### Exercise objective
Omit all pictures. Copy exactly the lines from the line containing "#3284-•-2003-g" to the end of the listing, with both ends included.

### Source data
######

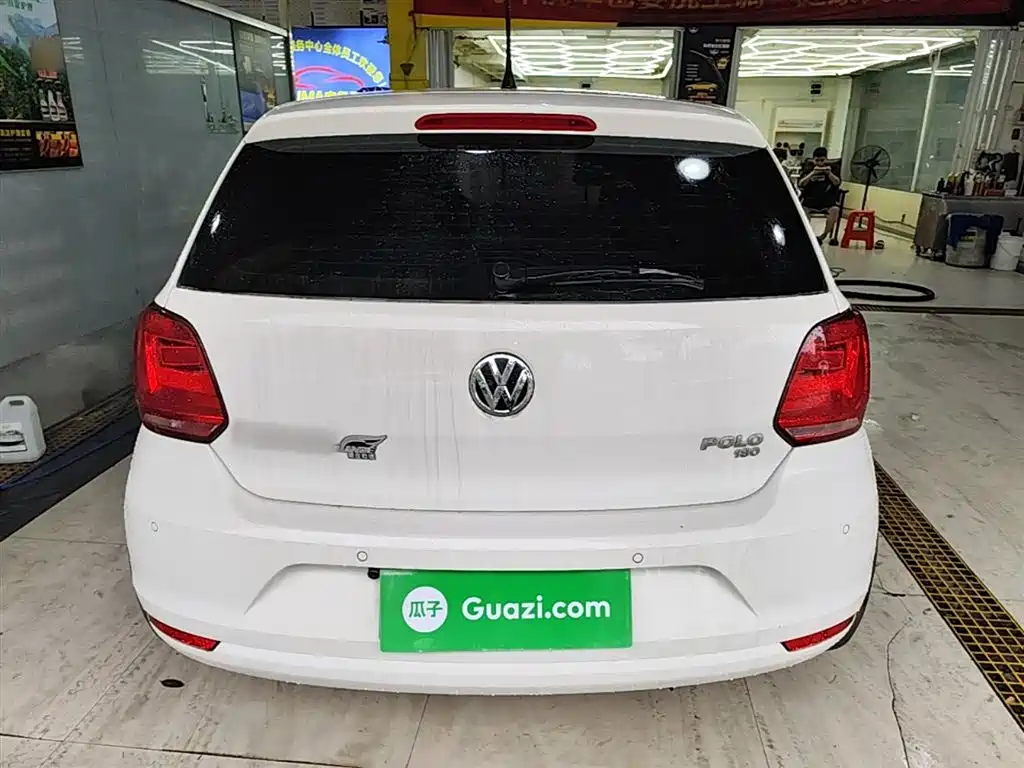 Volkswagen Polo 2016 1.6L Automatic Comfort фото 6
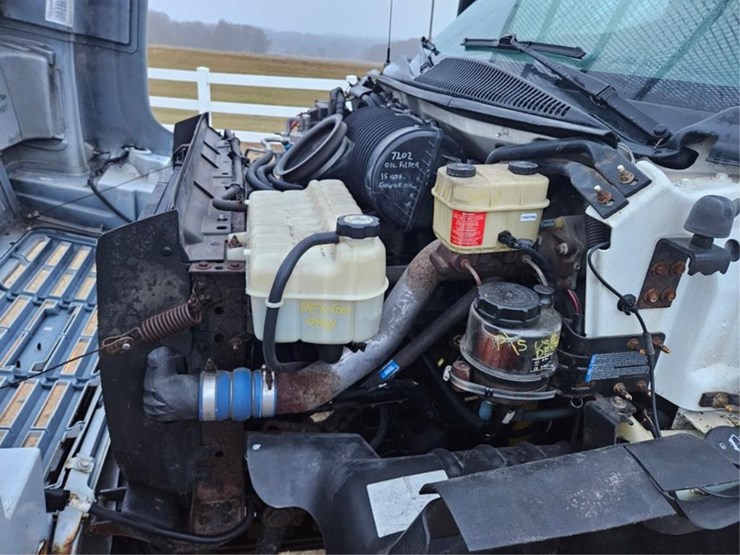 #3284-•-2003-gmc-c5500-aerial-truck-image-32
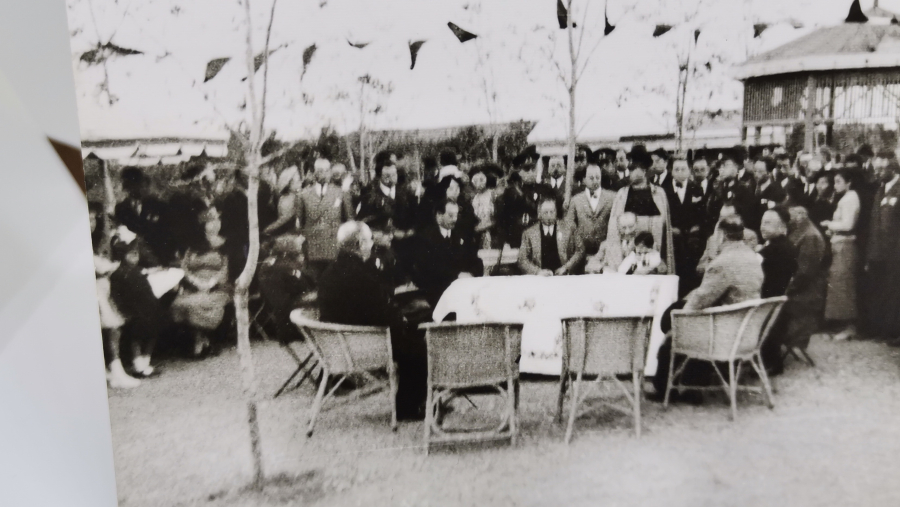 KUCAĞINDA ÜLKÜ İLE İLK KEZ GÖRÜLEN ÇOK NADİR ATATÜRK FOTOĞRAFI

######

### Task response
 #3284-•-2003-gmc-c5500-aerial-truck-image-32
 KUCAĞINDA ÜLKÜ İLE İLK KEZ GÖRÜLEN ÇOK NADİR ATATÜRK FOTOĞRAFI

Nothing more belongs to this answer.